**Work to complete**
Without changing a word, repeat the data, and include no pictures.

**Data section**
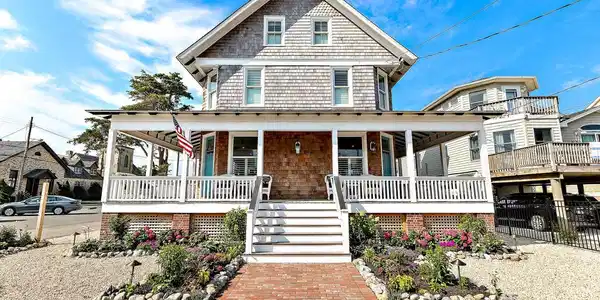 204 2ND STREET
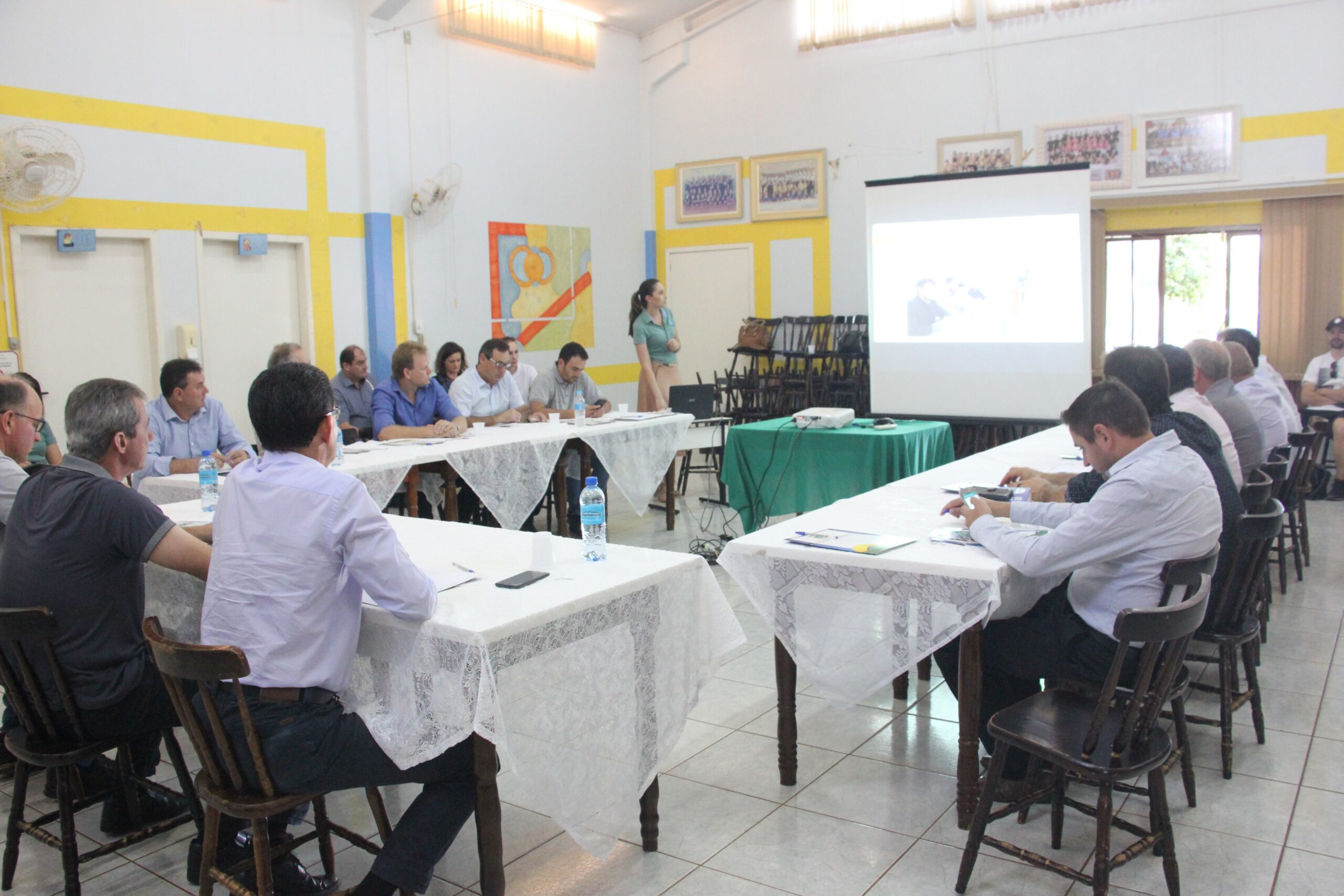 You are currently viewing Prefeitos da região da Ameosc se reúnem em assembleia em Belmonte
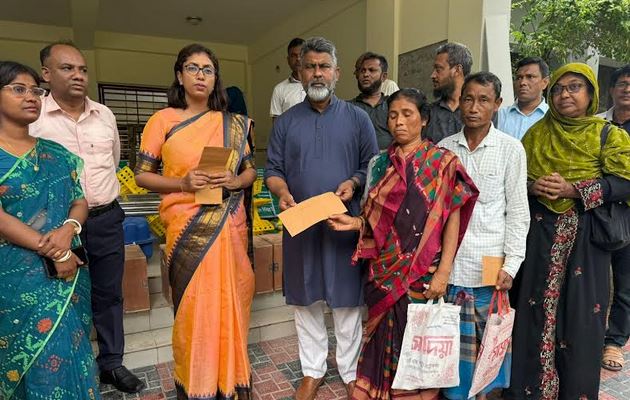 নওগাঁয় বজ্রপাতে মৃত ও আহতের পরিবারকে অর্থ সহায়তা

**Exercise response**
 204 2ND STREET
 You are currently viewing Prefeitos da região da Ameosc se reúnem em assembleia em Belmonte
 নওগাঁয় বজ্রপাতে মৃত ও আহতের পরিবারকে অর্থ সহায়তা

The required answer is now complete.